Using the listing below, please print exactly the lines from the one with "Материнская плата MSI PRO B760M-E D4" through the one with "Bell MOTO-10 SPHERICAL". Leave out every picture.

## INPUT DATA
<<<<
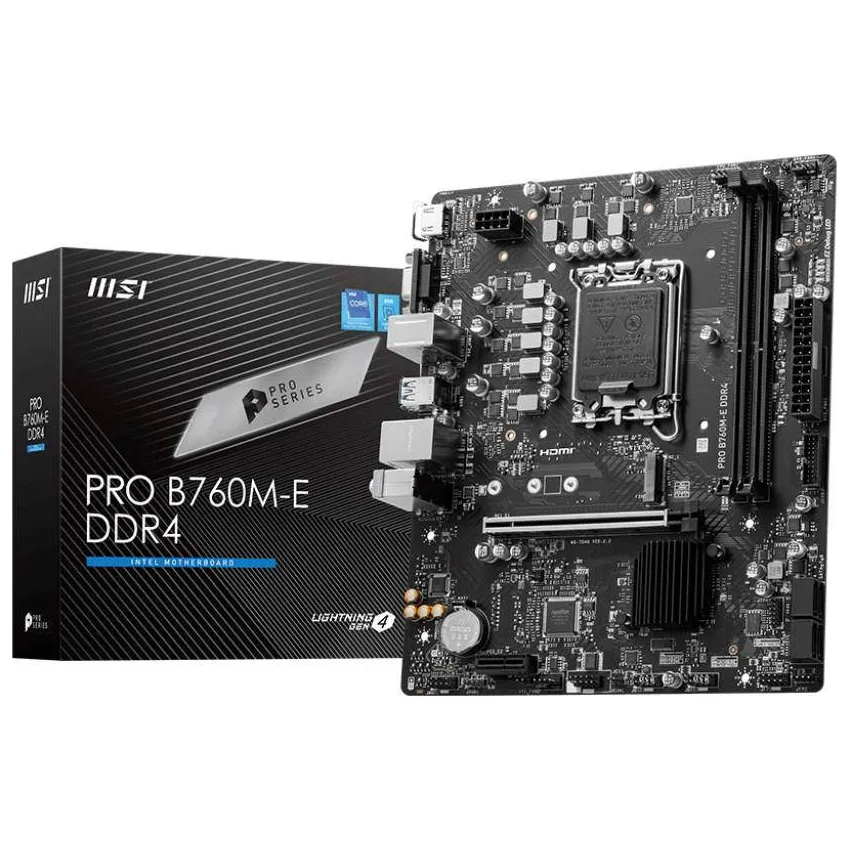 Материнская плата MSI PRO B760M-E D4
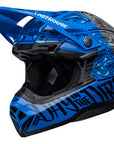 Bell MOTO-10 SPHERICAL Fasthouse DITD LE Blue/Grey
>>>>
<<<<
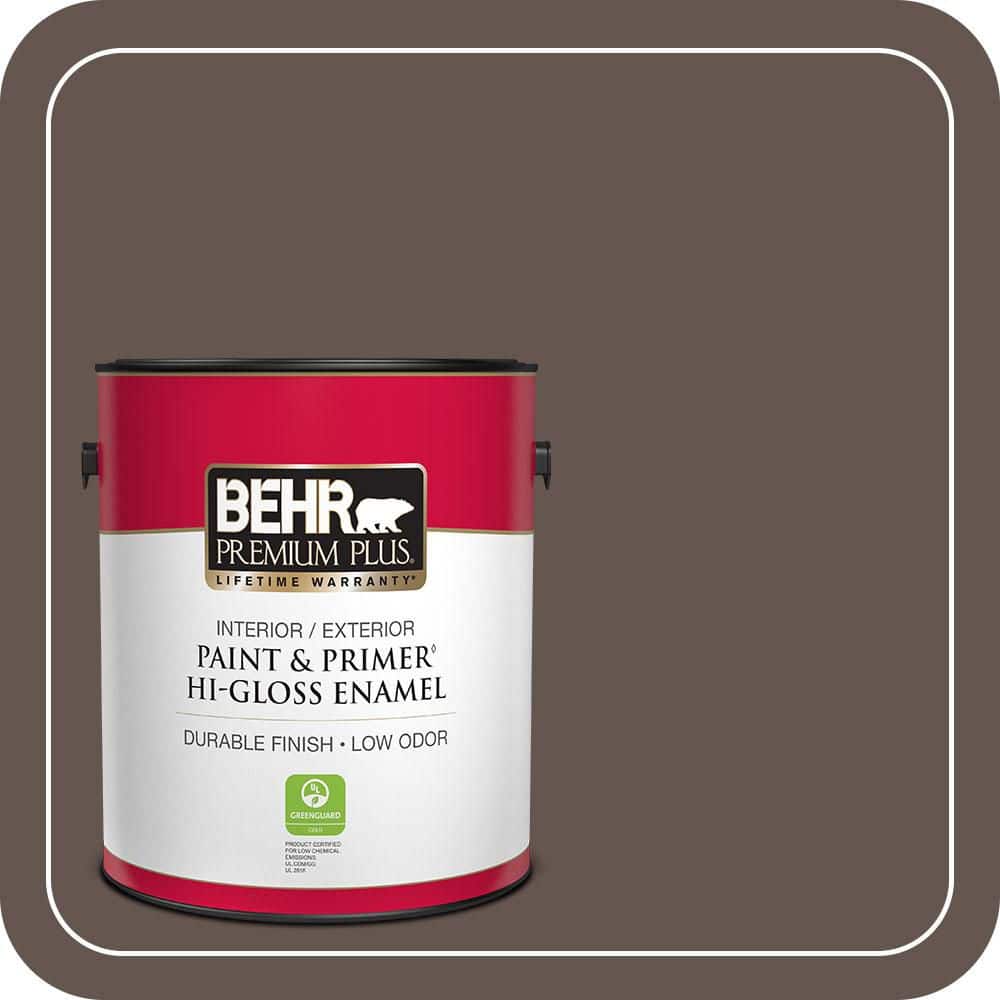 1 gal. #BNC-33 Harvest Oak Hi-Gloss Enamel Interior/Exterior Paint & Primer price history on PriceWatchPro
>>>>
## ANSWER
 Материнская плата MSI PRO B760M-E D4
 Bell MOTO-10 SPHERICAL Fasthouse DITD LE Blue/Grey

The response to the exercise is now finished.